God! I exhale a breath that seems to expel the insensitive bitch, letting guilt take over. I’m such a damn cow! I’m cruel as hell! What kind of shit is my life turning into?
Maybe I’m not Little Red Riding Hood in this story. I think I’m quite capable of becoming a Big Bad Wolf. I don’t even need a full moon for that. Just threaten me, put me in danger, and bam—I’m a weapon capable of killing someone with my cruel words and actions.

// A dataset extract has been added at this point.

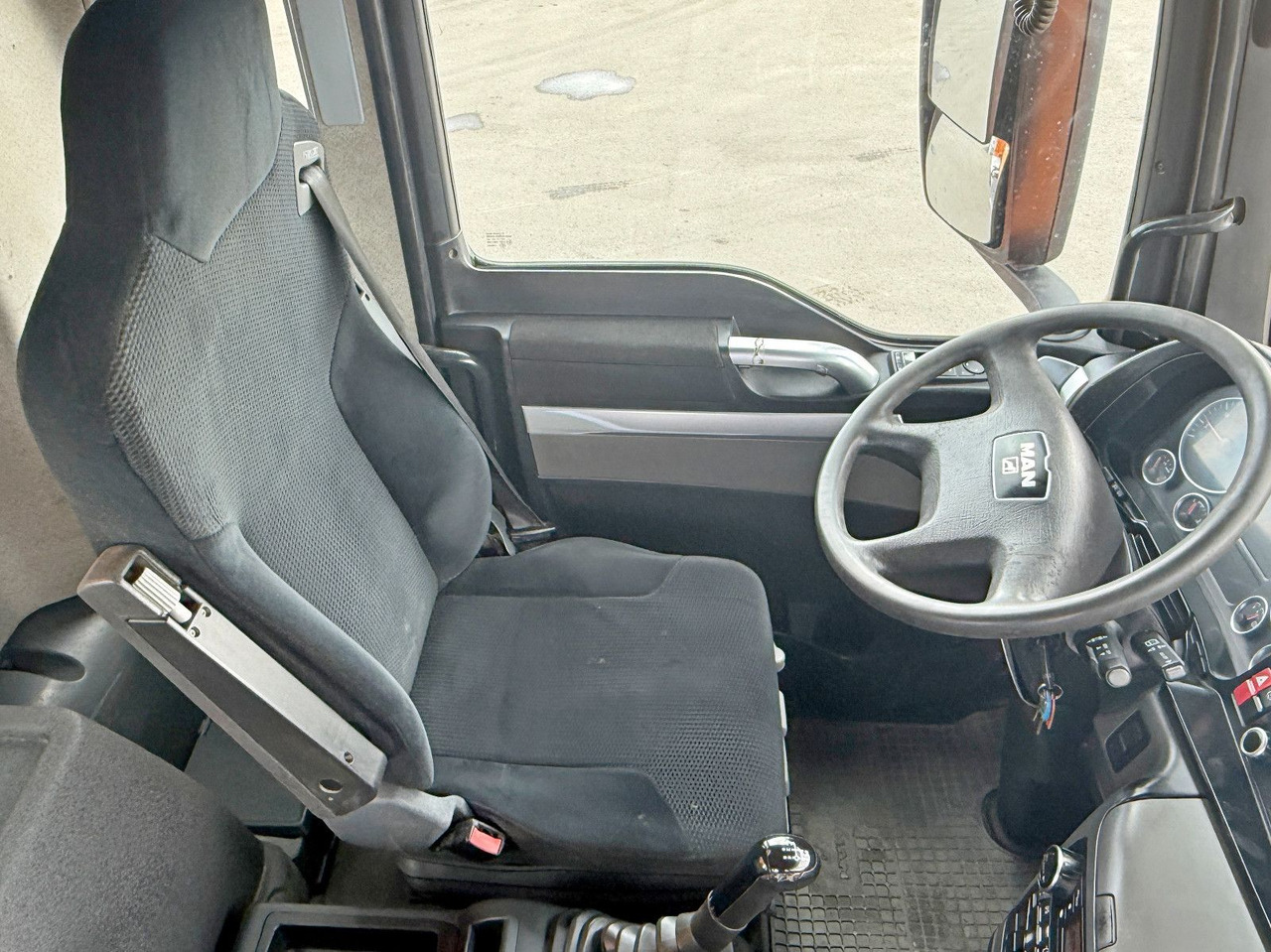 Camião basculante MAN TGS 35.360 KIPPER * 8x6 * TOPZUSTAND: foto 9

With my shields up against the man I loved, I pushed him away in the only way I could. I defended myself with a low blow, without any shame. I know that in the end, I only retaliated for what he did to me by mocking my trauma with his touches, even knowing the abuse I endured at home for years on end. And it hurt so much that he awakened someone who could inflict the same pain on him.
I scream, loudly, feeling my throat burn just as much as my eyes do.